Is this a laptop with a save partition or file?


----------



## brusseau (Feb 8, 2003)

IMM,

Thanks for your reply.

>>>Is this a laptop with a save partition or file?
----It's not a laptop. It is a Hewlett Packard Pavilion. I have Windows 98SE.

Rachel


----------



## Rollin' Rog (Dec 9, 2000)

No luck with reinstalling APM, I guess?


----------



## brusseau (Feb 8, 2003)

>>>>>No luck with reinstalling APM, I guess?
-----I started to do that procedure, but I ran into a road block.
Under System devices in my Device Manager I have:

ACPI Generic Bus
ACPI System Button
Advanced Configuration and Power Interface (ACPI) BIOS

The procedure to reinstall APM asked me to find the APM, which I don't have. I did check "disable in this hardware profile" on the ACPI Generic Bus Properties, but i'm still having my same problem.

??
Rachel


----------



## Rollin' Rog (Dec 9, 2000)

I see, ACPI will supersede APM on some systems and APM is not listed. It's possible following the same directions for ACPI will work, but not having done it personally, I can't guarantee it or that you won't end up in a worse hole. I do see that ACPI is listed as an installable device in my Win98 Add New Hardware Wizard -- but that system uses APM which I've removed and reinstalled a couple of times.


----------



## brusseau (Feb 8, 2003)

OK. Removing the ASPI and "adding new hardware" worked to remove the:
"Invalid VXD dynamic link call from acep(05) + 00000572 to device "0026", service 8019" 
code from appearing when I boot up. YEAH!!!

It appeared to remove and reinstall TONS of components. My CDROM disappeared, it did not recognize the mute button on my expanded keyboard and my monitor can only be set to 16 colors. 

So I ran my disk recovery CD. This helped the CD and keyboard problem, but my my monitor still only shows 16 colors, and there are no better options in the "properties" option, where I would normally select true colors. 

I noticed exclamation points in my Device Manager tab of the System Properties. They are next to:
-Display Adapters, Intel(R) 810 Chipset Graphics Driver PV 2.1
-Keyboard, Standard 101/102-Key or Microsoft natural Keyboard
-System devices, Direct memory access controller


The Keyboard and direct memory access controller options have duplicate devices in the widow, but the Intel(R) one is not a duplicate. It does, however, have another button in the display adapter category called "Standard Display Adapter (VGA).

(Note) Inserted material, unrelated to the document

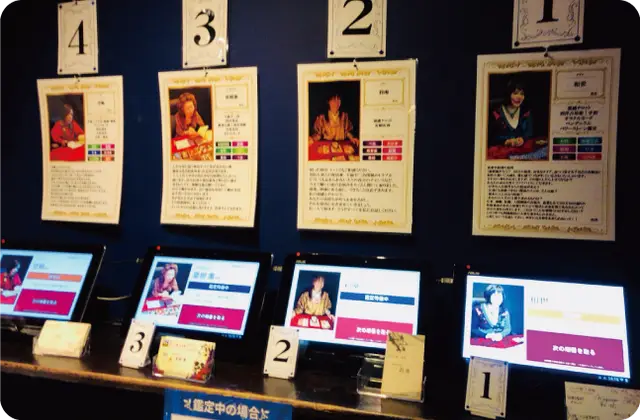 千里眼 難波本店の店内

I was thinking of removing the duplicates, but I'm not sure about what to do to resolve the Intel(R) 810 Chipset Graphics Driver PV 2.1 error.


----------



## Rollin' Rog (Dec 9, 2000)

You may only need to use the "update driver" option through the Device Manager and look the intel drivers to reinstall. Windows may even automatically redetect and reinstall them if you remove the device.

However, I think this page contains the correct graphics drivers for your chipset an OS. I would download them and try booting in safe mode, then running the exe. You can try it as a first or second resort.

http://downloadfinder2.intel.com/scripts-df/Detail_Desc.asp?agr=N&ProductID=178&DwnldID=4666

There is a readme included on the page

This appears to be the latest version with the pv2.1 being a much earlier one, probably no longer available.

http://www.intel.com/support/graphics/drivermatrix.htm

Generally speaking you should remove any of the devices, including duplicates, that are flagged in the Device Manager. Generally Windows will redetect and reinstall the drivers for them. You may need a Windows CD with respect to some.


----------



## brusseau (Feb 8, 2003)

Thank You Rollin' Rod

The following procedure resolved by invalid VXD message. I had to modify the procedure, because I did not have APM, instead I removed "Advanced Configuration and Power Interface (ACPI) BIOS" from my device manager.

http://support.microsoft.com/defaul...B;en-us;q188134

Thanks for all of your help!!!!
I've learned a lot.


----------



## brusseau (Feb 8, 2003)

Thank you Rollin' Rod!!!!

I removed and reinstalled the "Intel® 810/815 Chipset Families (Intel 82810/82815 Graphics Controller)" as found on the following web site.

http://www.intel.com/support/graphics/drivermatrix.htm

Not only am I able to pick True Color again, I think the resolution is even better than before (or maybe I'm just in a "glass is half full" kind of mood!!).

Thanks again for your help!!


----------



## Rollin' Rog (Dec 9, 2000)

Outstanding. You are most welcome. If we've whittled away all those problems to none, I will mark this as 'resolved'.


----------



## brusseau (Feb 8, 2003)

After that whole "Invalid VXD dynamic link.....etc" problem my printer stopped working. I had uninstalled the software, and tried to reinstall it. The installation would not work because "a file needed for installation could not be found."

Apollo emailed me today and taught me a "back door" way of installing the software so I can use my printer again!

I put in the printer installation CD
Instead of just clicking "install" I close the program.
I use the install hardware from the control panel.
When prompted I choose D:
Open the Eng folder
Open the Driver folder
Open the Win9x_me folder
click install

It may not be the PERFECT way to do it, but I can print out (& file) my taxes now!!!

Thanks again for all of your help. You are a very generous person.


----------



## astrolbrite (Jan 9, 2005)

We tried all the above options but our bad message kept comming back

So as another option we removed the agp video card and repalced it with a identical agp video card, then reinstalled the software.

Now everything is fine. But thanks for all the early info as it's a step by step process and if 1 option does not work another will.

Have a Great Day


----------